The statistical analysis, standardization, and reporting of high-stakes test scores require the normal distribution of scores. This is true whether the test developer is using classical or modern test theory as the underlying psychometric model (Crocker & Algina, 1986). The problem with this in LOA is the assumption not only that some learners must (by definition) get scores below the average, but also that there must be an average, and there must be scores. But if performances were to be given numerical grades, in LOA the aim would be to achieve a negatively skewed distribution, in which most scores are towards the higher end of the curve. This relates to the fundamental purpose of all assessment for learning: it is a set of interventions designed to improve performance. It is, therefore, a profoundly different paradigm to that which governs the construction of high-stakes tests. In LAL programs for LOA, any statistical component would, therefore, focus upon criterion-related measures that may help in assessing learner progress (Brown & Hudson, 2002).
Ideally, there would be no scores at all in LOA. The intention is not to interpret scores in terms of the distribution of a larger population of test takers, but to benchmark learners against a criterion (Fulcher & Svalberg, 2013). This may be a set of hierarchical performance descriptors that represent hypothesized levels of L2 development (e.g., Isaacs et al., 2018), or more radically on the current ability level of an individual learner. In the latter case, the learner is their own criterion, and the intervention of the assessment is designed to “construct a future with the learners during the assessment itself” (Poehner et al., 2019, p. 52). The interpretation of performance is, therefore, radically local, focusing on the individual and their own learning needs. To strengthen interpretation at the level of the individual, LAL needs to include learner-centered techniques such as portfolios, problem-based learning, learner-created achievement checklists, and learning diaries for reflection.
Generalization and Extrapolation
Kane et al. (1999) suggested that test score meaning is determined by two types of inferences (Fulcher, 2015b, p. 4). The first is a generalizability inference that the test score achieved on one form of the test would be comparable to the score achieved on any other form of the test. This would include achieving a similar score across all the facets of the test, such as interlocutor, rater, and task. The second type of inference is termed extrapolation, and is defined as the meaning and relevance of the score to a real-world language use context beyond the test to which we wish to make a prediction. In other words, what does the test score tell us about the likely performance of a test taker in non-test conditions? These inferences are fundamental to the construction of validity arguments for high- stakes tests. But in LOA, we are not concerned with whether a learner performs similarly across task types or interlocutors. Nor are we particularly concerned with whether or not they can perform language tasks in the real world at the present time. The inference of primary concern is that made by both the teacher and the learner about how their language ability is developing through engaging with a language-rich environment created by innovative teachers. In a sense, this is the only purely negative critical variance between the two paradigms.

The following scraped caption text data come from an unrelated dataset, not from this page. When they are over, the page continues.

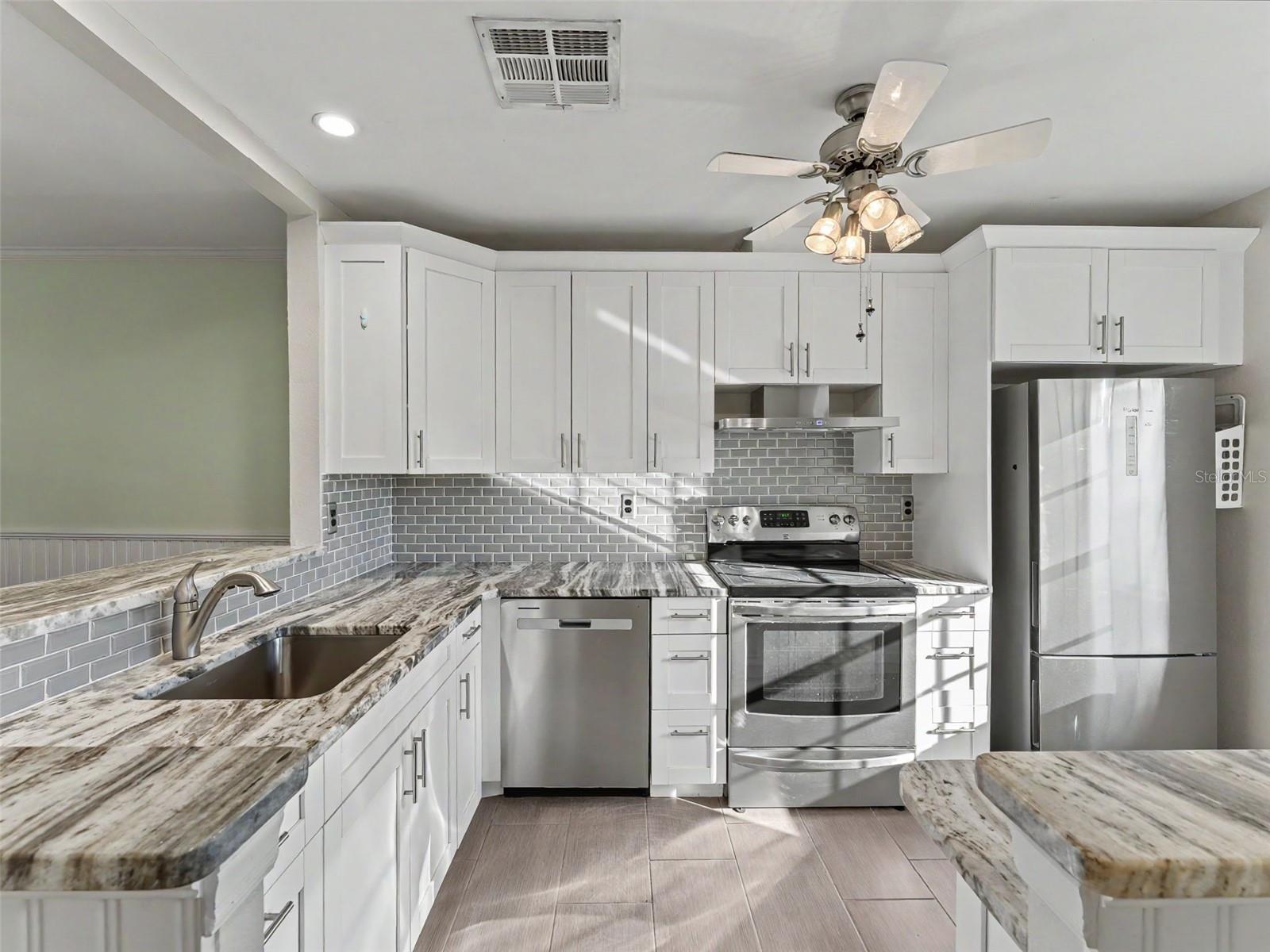 Beautiful kitchen w/ plenty of cabinet space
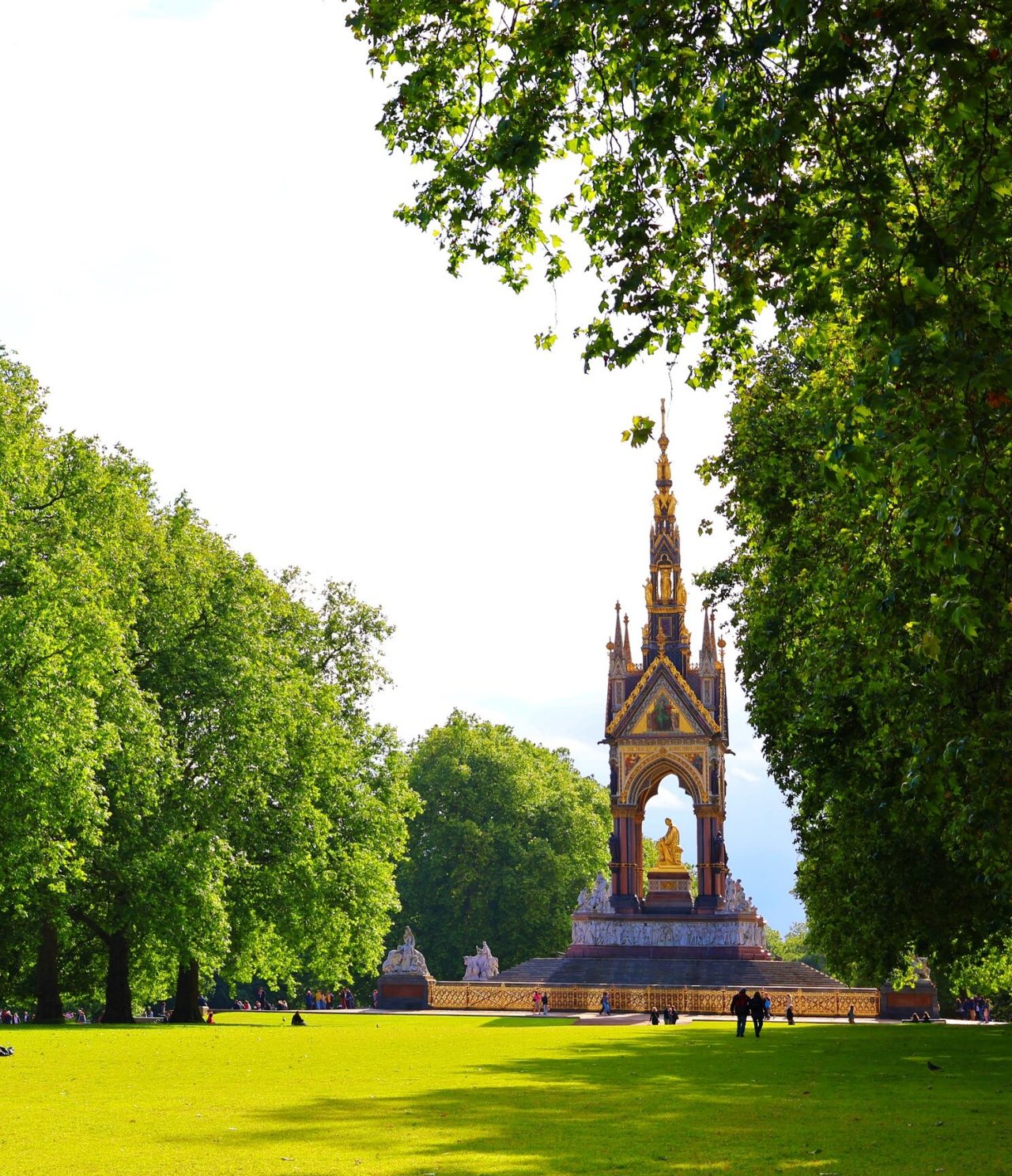 Vue d'un monument historique à Londres, avec une statue dorée au centre et une tour avec des détails dorés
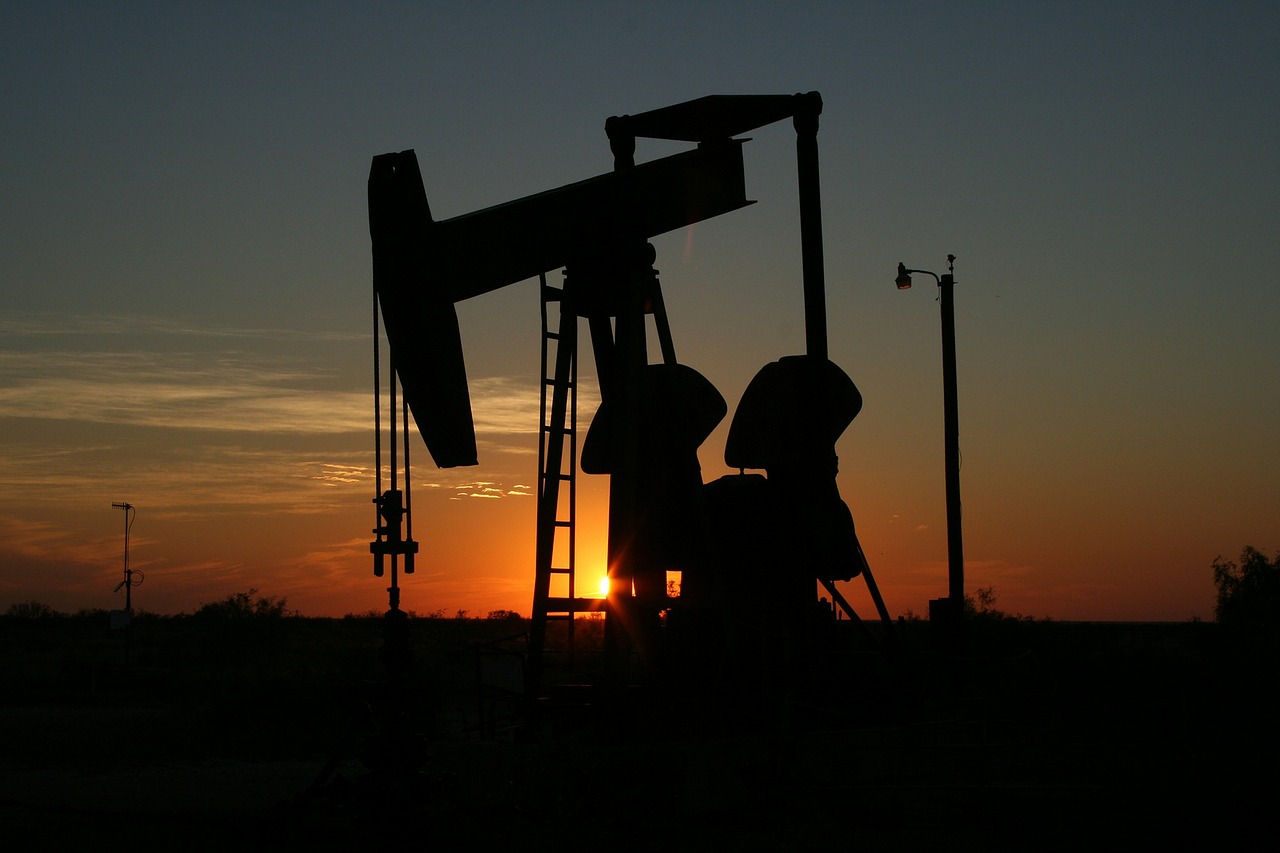 oil-106913_1280-1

The Meaning of Validity in LOA
LAL in LOA requires teachers to understand the seven variances so far described so that they may apply validity concepts appropriately to each paradigm in both research and practice. The single validity concept that distinguishes the LOA paradigm from the high-stakes standardized paradigm is “change” as a validity criterion. The assumption underlying the seven variances is that in high stakes there will be no change in outcomes across test facets (including time) if no significant learning has taken place. Learning over time (like language attrition) is also a threat to score interpretation. This is why the score on many high-stakes tests has a limited recognition period, after which the test must be taken again.
This is diametrically opposed to the central validity claim that is made in LOA, namely that LOA is valid if, and only if, the individual learner changes as a result of the assessment, which is also a learning intervention. This is the point at which assessment and learning become fused in a way that is absent from traditional validity theory, for very good reasons relating to its role in maintaining a meritocratic society (Fulcher, 2015a, pp. 145-168). But change is core to Pragmatic (with a capital “P”) learning theory, which is most clearly articulated in Dewey’s educational theory:
If education is growth, it must progressively realize present possibilities, and thus make individuals better fitted to cope with later requirements. Growth is not something which is completed in odd moments; it is a continuous leading into the future.
(Dewey, 1916, p. 56)
The assessment of the “present possibilities” through self-assessment or scaffolded assessment is the basis for personal growth and learning. A theory of Pragmatic validity' is not tied to a particular validation methodology, but proposes that those involved in any assessment paradigm define the effect they wish their assessment/testing practices to have, and upon whom. This has been termed “effect-driven testing” (Fulcher & Davidson, 2007, pp. 144, 177). In LOA, the intended effect is “change and growth,” and the effect is designed to impact upon each individual learner. The validation question in LOA is therefore: What evidence is there for individual growth as a result of our assessment interventions? While it is possible to answer this question through the use of more traditional tests as an independent measure of the intended changes (Poehner & Van Compernolle, 2018), qualitative assessments of individual growth would provide more detailed and targeted evidence that would in itself also become an iterative intervention (e.g., Travers et al., 2015). Such evidence would include comments on performances by peers, teachers, and others with an interest in the individual’s learning. Reflective writing or speech recordings in response to these comments, and records of new personal goals, are also valuable in the construction of a portfolio of performance, feedback, and reflection, to evidence personal growth.